知人の会社がこの秋、株式公開するという。
それを聞いて、「おめでとうございます」と素直に思うが、昔感じていた「株式公開?スゴイですねえ」という感慨は、今やない。
公開は立派ではあるが、凄くはない。

希少価値という面では、レストランが三つ星を取得するほうが難しいかもしれない。

自社株式を公開して資金調達を多様化するという公開本来の目的よりも、会社のシンボリックな目標として「上場」を捉えている企業が相当多いように思う。
そういう会社は、本当に上場するの?という段階になって躊躇することも少なくない。

資金調達目的ではなく、シンボリックな意味で株式公開を目指すくらいなら、別の方法を考えよう。

もっと誰にも分かりやすく、ローコストで入手できる第三者機関のお墨付きを得るのだ。
そのひとつに、「企業格付け」というものがある。

「AAA」(トリプルA)とか、「A」(シングルA)などの記号で大企業や国家の相対的信用力を格付けする、あれを利用する。
かつて、金融不安が日本中を襲ったとき、格付け会社が発表する格付け情報が市場を大きく動かしていたものだ。

当時の格付けは、大企業向け専門だったが、RDB(日本リスク・データ・バンク)と世界的な格付け会社S&P(スタンダード・アンド・プアーズ)がタッグを組んで、2005年12月から中堅・中小企業専門の格付けサービスを開始しているのだ。

その名も「日本SME格付け」

SMEとは、Small and Medium sized Enterprise の頭文字。

優れた中小企業の存在が大企業を支えるだけでなく、国家基盤にまでなっているという理由で、このサービスはまず日本でスタートしたのだ。
これによって、条件さえ満たせばあなたの会社も格付けがもらえる。

以下、きんざい社(社団法人金融財政事情研究会)から発行されている著書『中小企業 格付け取得の時代』(大久保豊/稲葉大明 編著)を参考に解説してみたい。

気になる格付けしてくれる対象企業と格付けに要する費用を見てみよう。

「直近決算の年商が10億円から100億円」の会社が対象となり、格付けに要する費用は年間50万円で、詳細な格付け結果レポートも返ってくる。

日本SMEの格付け定義はこうなっている。

aaa・・日本の中小企業の比較において、債務を履行する能力はきわめて高い。

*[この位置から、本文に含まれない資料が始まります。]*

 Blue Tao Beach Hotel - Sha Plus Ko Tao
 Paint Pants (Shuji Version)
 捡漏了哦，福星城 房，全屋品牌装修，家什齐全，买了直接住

スタンダード&プアーズが付与する日本SME格付けのなかで最上位の格付け。

aa・・日本の中小企業間の比較において、債務を履行する能力は非常に高く、最上位の格付け(aaa)との差は小さい。

a・・・日本の中小企業間の比較において、債務を履行する能力は高いが、上位2つの格付けに比べ、事業環境や経済状況の悪化から影響を受けやすい。

bbb・・日本の中小企業間の比較において、債務を履行する能力は適切であるが、事業環境や経済状況の悪化によって債務履行能力が低下する可能性がより高い

bb・・ 日本の中小企業間の比較において、債務を履行する能力がやや 脆弱である。事業環境、財務状況、または経済状況の悪化に対して大きな不確実性、脆弱性を有しており、状況によっては、債務を期日どおりに履行する能力が不十分となる可能性がある。

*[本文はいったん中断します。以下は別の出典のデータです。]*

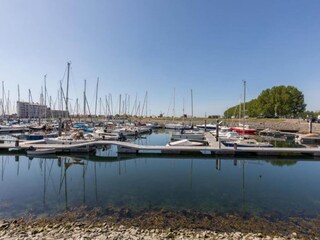 Vakantiehuis Sint-Annaland Omgeving 35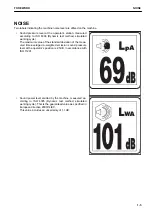 Предварительный просмотр 7 страницы Komatsu HB365LC-3 Operation & Maintenance Manual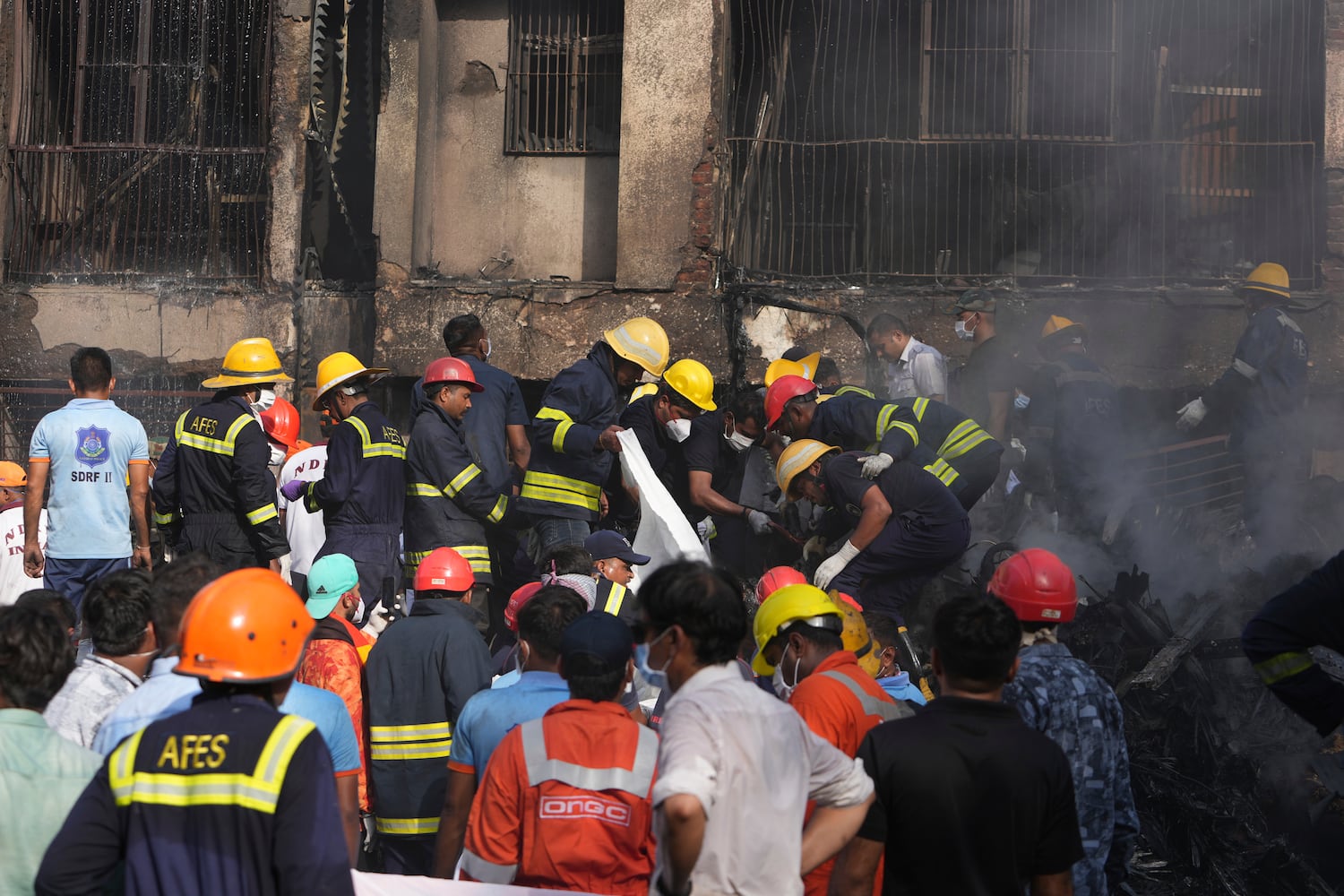 India Plane Crash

b・・・日本の中小企業間の比較において、債務を履行する能力が脆弱である。事業環境、財務状況、または経済状況が悪化した場合には、債務を履行する能力や意思が損なわれやすい。

ccc・・日本の中小企業間の比較において、現時点で脆弱であり、その 債務の履行は、良好な事業環境、財務状況、および経済状況に 依存している。事業環境、財務状況、または経済状況が悪化した場合には、債務を履行できない可能性が高い。

すでに格付けを取得し、専用ロゴをPRしている会社も出始めているようだ。

詳しくはスタンダード&プアーズのこちらの日本語サイトにて。

http://www.standardandpoors.co.jp/site/aboutus.do?method=homePage&r=6&l=JP&Wt.ac=DYKSME

本ならば、こちら。

著書『中小企業「格付け」取得の時代』

蛇足ながら、株式公開と格付け取得は目的が全然違うものなので、単純に比較できるものではないことも申し添えておく。